Copy out precisely the lines of the material that follows, beginning with the line containing "Sigikid Mini Kuscheltier" and ending with its last line; exclude pictures.
# # #
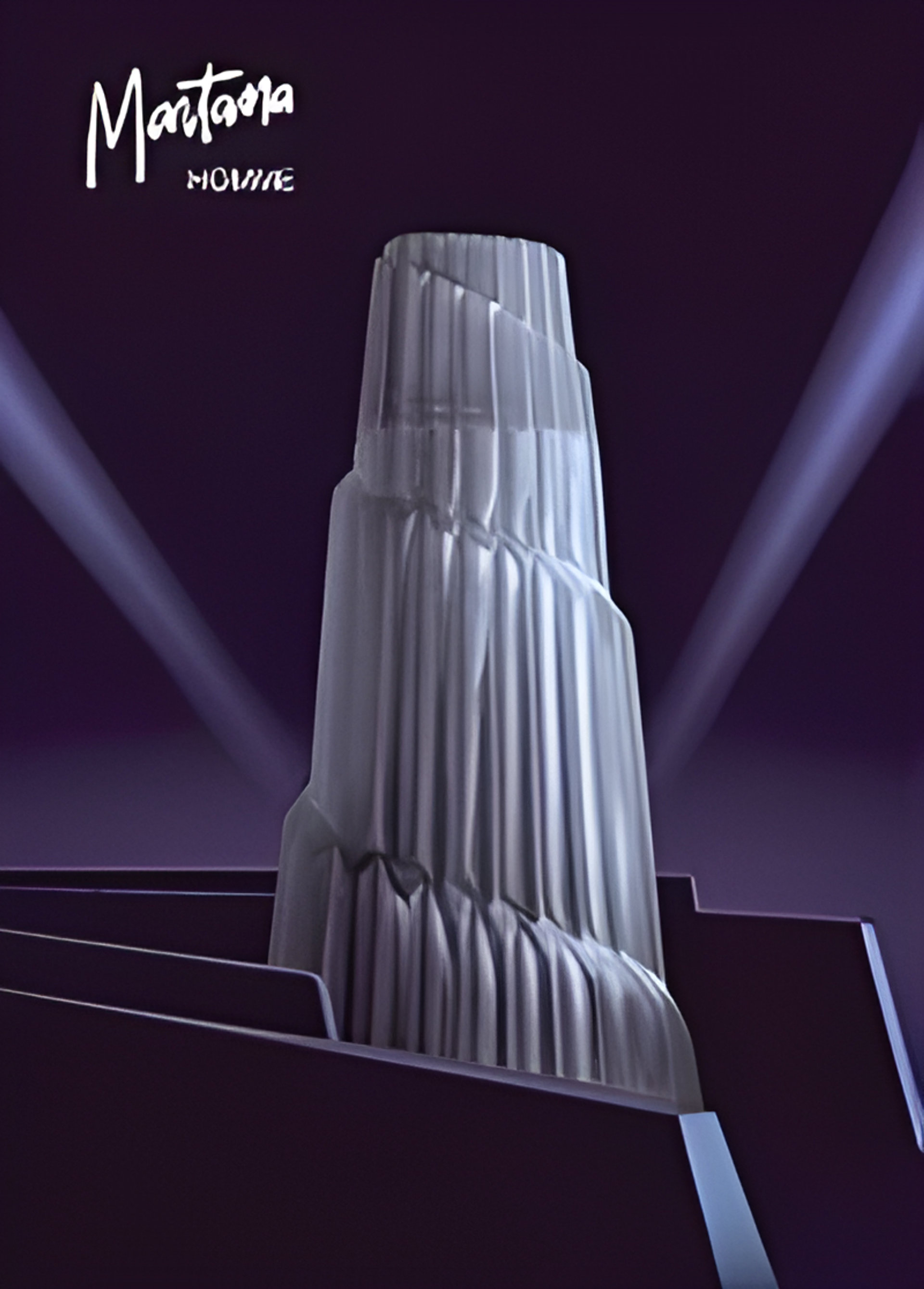 Picture of Montana Homme fragrance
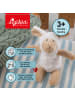 Sigikid Mini Kuscheltier Pocket Plüsch in weiß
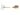 Engraved Wooden Spanking Spatula with Leather Wrist Strap &mdash; Impact Play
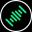 Larawan ng logo ng Cadence Protocol (cad) crypto token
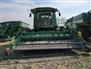 John Deere 2016 S680 Combines
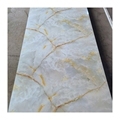 Modern Style UV Printing High Density Foam Board 3mm PVC Wall Board1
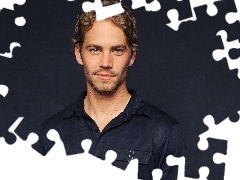 hair, Paul Walker, face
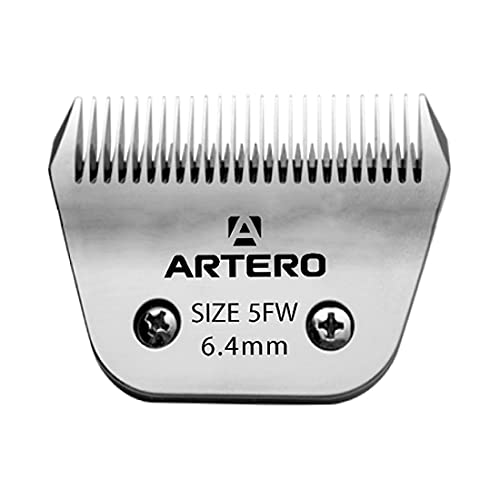 Artero Scheerkop Wide Blade Size 5 WF – 6.4 MM von Artero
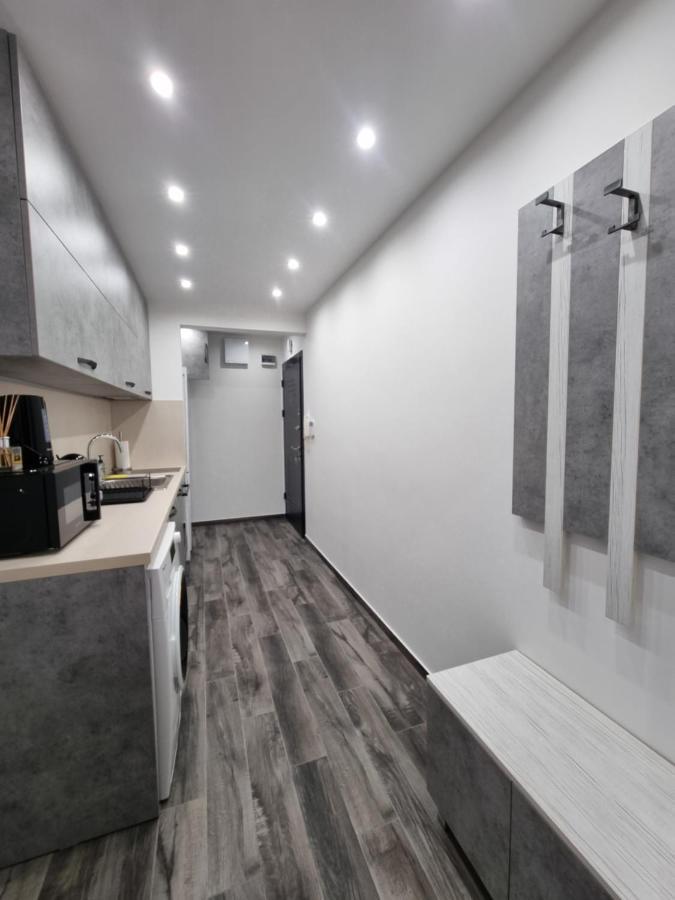 Apartment's Ortakchiev Апартамент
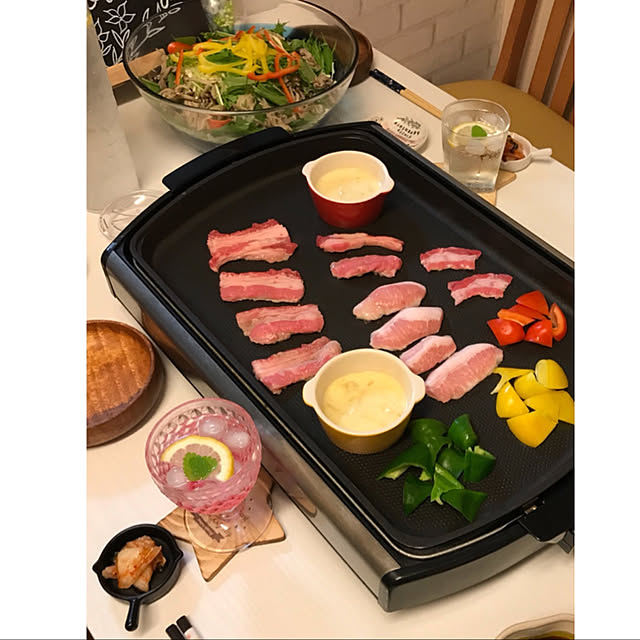 tmさんの実例写真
# # #
• EXERCISE OUTPUT:
 Sigikid Mini Kuscheltier Pocket Plüsch in weiß
 Engraved Wooden Spanking Spatula with Leather Wrist Strap &mdash; Impact Play
 Larawan ng logo ng Cadence Protocol (cad) crypto token
 John Deere 2016 S680 Combines
 Modern Style UV Printing High Density Foam Board 3mm PVC Wall Board1
 hair, Paul Walker, face
 Artero Scheerkop Wide Blade Size 5 WF – 6.4 MM von Artero
 Apartment's Ortakchiev Апартамент
 tmさんの実例写真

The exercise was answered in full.